───── RECORD EXCERPTS ─────

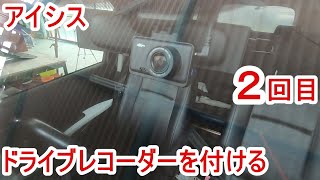 ドライブレコーダーを付ける 2回目 アイシス [upl. by Alraep]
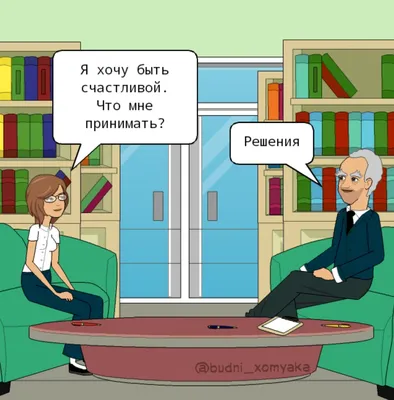 Юмор психологов»: смешные и жизненные шутки, которые придутся по душе даже  тем, кто не знаком с психологией | Психолог в деле | Дзен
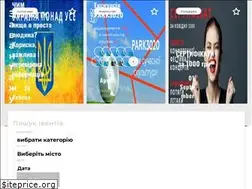 Sites similar to 2event.com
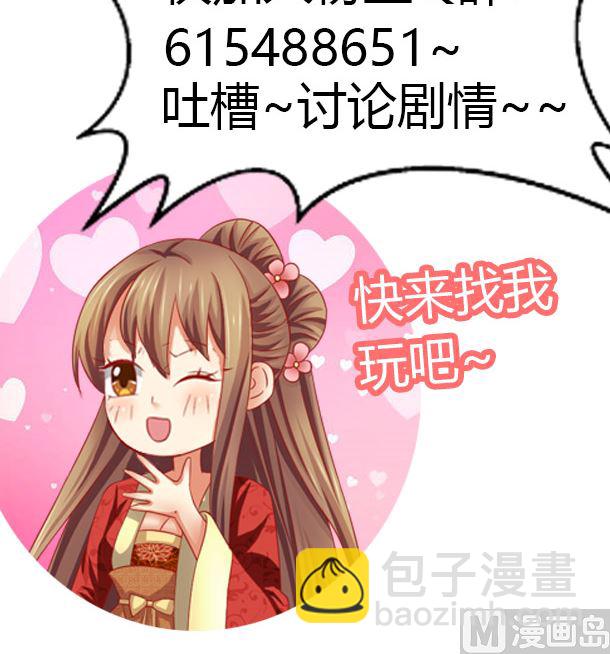 第45话 你很在意么？75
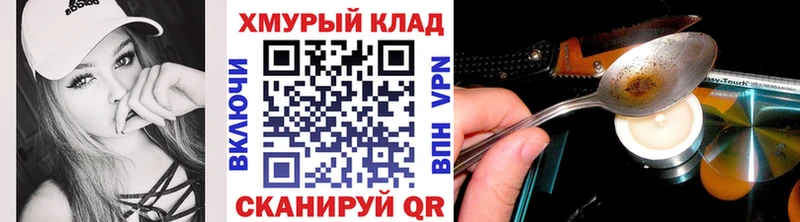 Героин хмурый Билибино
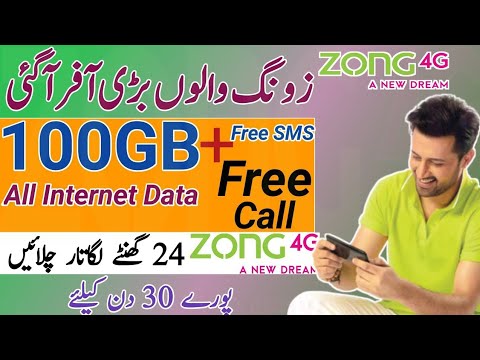 Zong New Internet Package 2024|Zong 100GB Monthly Internet Package|Zong New Offer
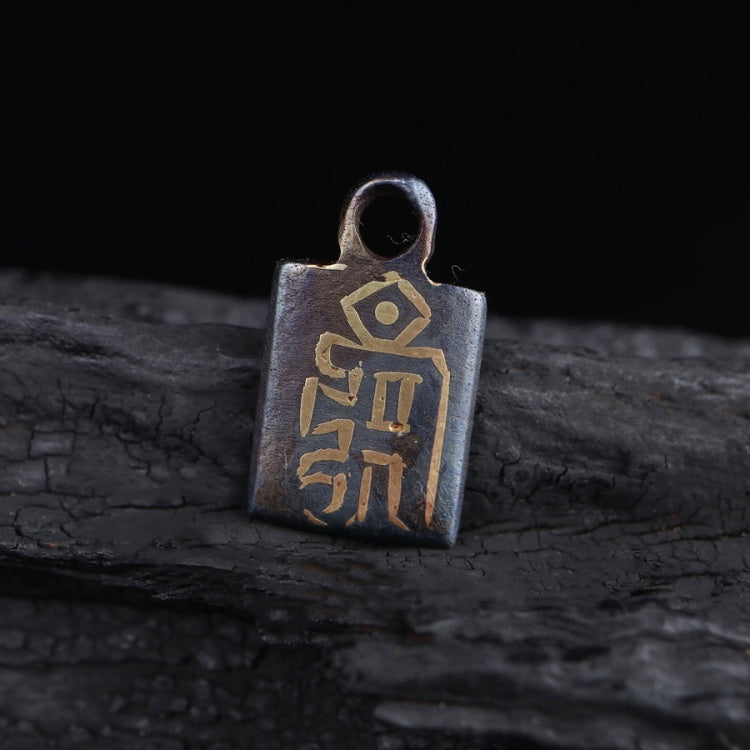 Antique Tibetan Amulet Pendant - mantrapiece.com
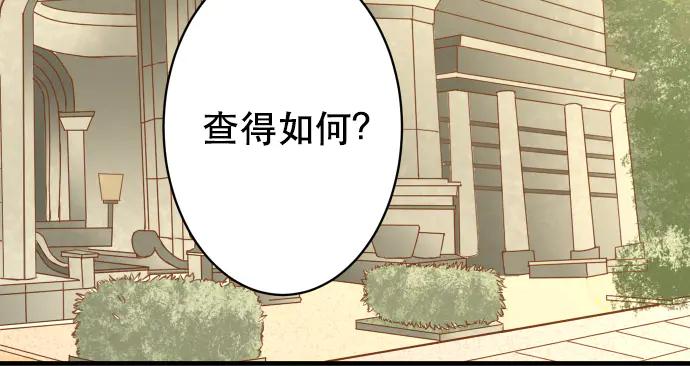 复仇要冷冷端上 - 第279话 压力 - 第87张图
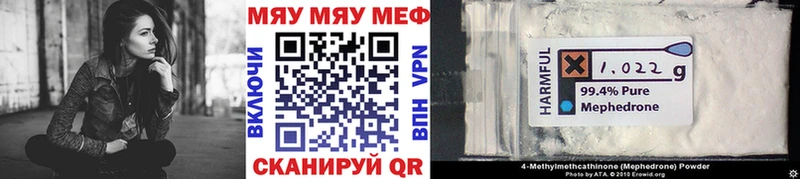 Меф мяу мяу  Шебекино 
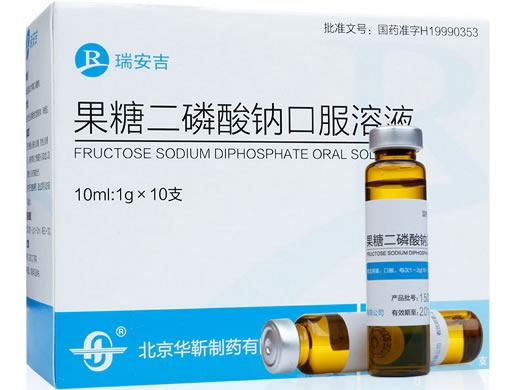瑞安吉果糖二磷酸钠口服溶液招商代理 10支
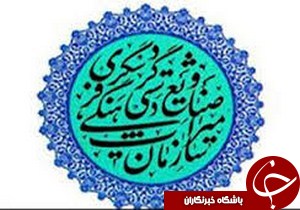درخشش هنرمندان گیلانی در دریافت نشان ملی مرغوبیت صنایع دستی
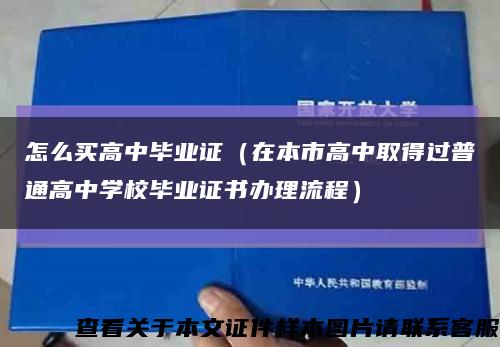 怎么买高中毕业证（在本市高中取得过普通高中学校毕业证书办理流程）缩略图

─────

**YOUR INSTRUCTIONS:** Your copy should match the entries above exactly and contain no pictures.

**EXERCISE RESULT:**
 ドライブレコーダーを付ける 2回目 アイシス [upl. by Alraep]
 Юмор психологов»: смешные и жизненные шутки, которые придутся по душе даже  тем, кто не знаком с психологией | Психолог в деле | Дзен
 Sites similar to 2event.com
 第45话 你很在意么？75
 Героин хмурый Билибино
 Zong New Internet Package 2024|Zong 100GB Monthly Internet Package|Zong New Offer
 Antique Tibetan Amulet Pendant - mantrapiece.com
 复仇要冷冷端上 - 第279话 压力 - 第87张图
 Меф мяу мяу  Шебекино 
瑞安吉果糖二磷酸钠口服溶液招商代理 10支
درخشش هنرمندان گیلانی در دریافت نشان ملی مرغوبیت صنایع دستی
 怎么买高中毕业证（在本市高中取得过普通高中学校毕业证书办理流程）缩略图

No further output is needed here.